Как мы уже сказали, на арт-рынке отсутствует ясная методология ценообразования, и в этом кроется самая существенная причина, по которой арт-рынок никак не вписывается в общие каноны обыкновенной рыночной системы. Конечно, само значение денег, выраженная ими стоимость, цены на доступные нам товары – это условность, результат длительного процесса, в ходе которого деньги обретали физические эквиваленты и символические значения. Однако в мире искусства цены еще больше зависят от нашей способности верить в ценность произведений искусства. В этом смысле произведение и деньги вообще очень похожи, поскольку и та и другая система основана на акте веры. Но если в случае с деньгами мы можем проследить, как формировалось их символическое значение, с искусством это оказывается гораздо труднее. Как справедливо отметил Пьер Бурдье, мир искусства – это место, где постоянно порождается и ценность произведений искусства, и вера в эту ценность.
Чек: произведение искусства или финансовый документ?
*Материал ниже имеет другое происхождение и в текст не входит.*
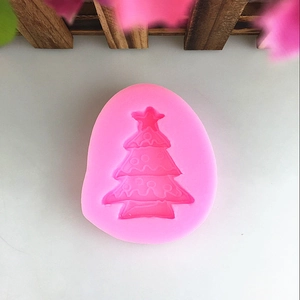 Pink Christmas tree silicone mold for DIY handmade chocolate and fondant cakes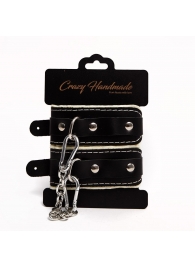 Черные скругленные наручники с мягкой бежевой подкладкой - Crazy Handmade - купить с доставкой в Петрозаводске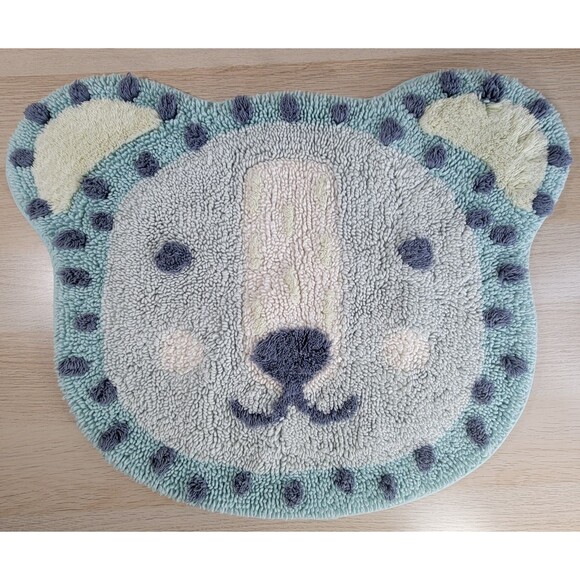 Pottery Barn Kids Bear Throw Rug 25" x 20" Cotton Bath Mat Blue PBK Washable - Picture 1 of 6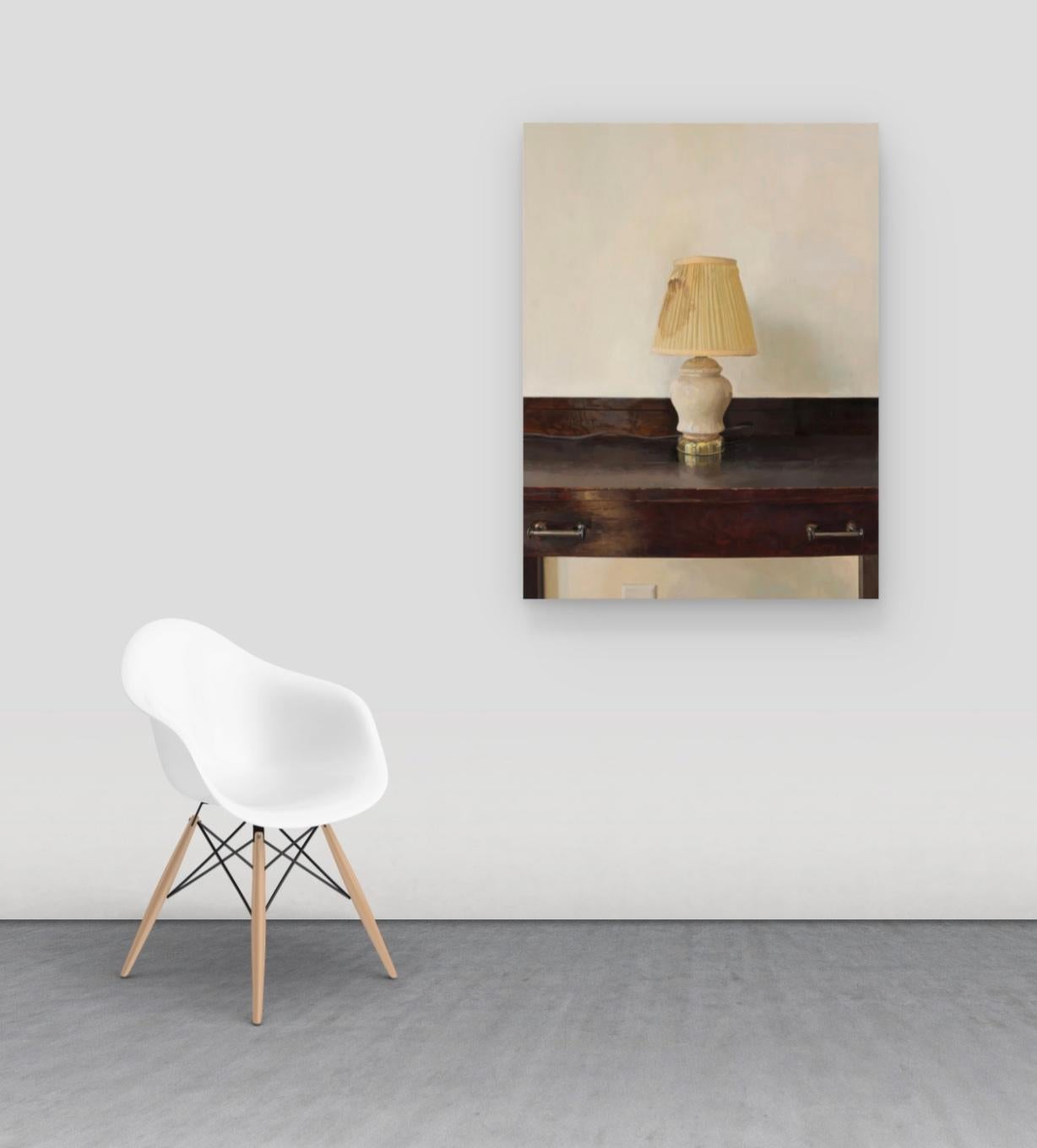 Lamp Revisited, Still Life with Lamp on Dark Brown Mahogany Wooden Desk - Contemporary Painting by Brett Eberhardt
Почему так сложно назначить цену искусству, поставить рядом с произведением денежный эквивалент? Без всяких сомнений, определенную роль в этом сыграл негативный образ денег как таковых, столь привычный для западной культуры. Многие связывают его с воспитанием в сознании человека изначально религиозных представлений об алчности и скупости. Литературный критик и профессор Гарвардского университета Марк Шелл в своей книге «Искусство и деньги» (1995) объясняет, что деньги – особенно чувствительная тема для христианской мысли, поскольку они являются универсальным эквивалентом. «Как и Иисус – одновременно бог и человек, деньги выражают одновременно идею и реальную вещь. Таким образом, деньги понимаются как воплощение власти и сущности, мысли и вещества, души и тела… Все это ставит деньги подозрительно близко к Христу, превращая их в конкурирующий архитектонический принцип» [61]. Религиозная подоплека играет не последнюю роль, ведь образ Христа, изгоняющего ростовщиков из храма, достаточно красноречив для понимания базовых культурных представлений о коммерции. Неудивительно, что многие даже определяют область искусства как нечто «святое», «сакральное» в противовес низменному и примитивному миру валюты, а процесс сопоставления искусства с определенной суммой денег вызывает столько проблем.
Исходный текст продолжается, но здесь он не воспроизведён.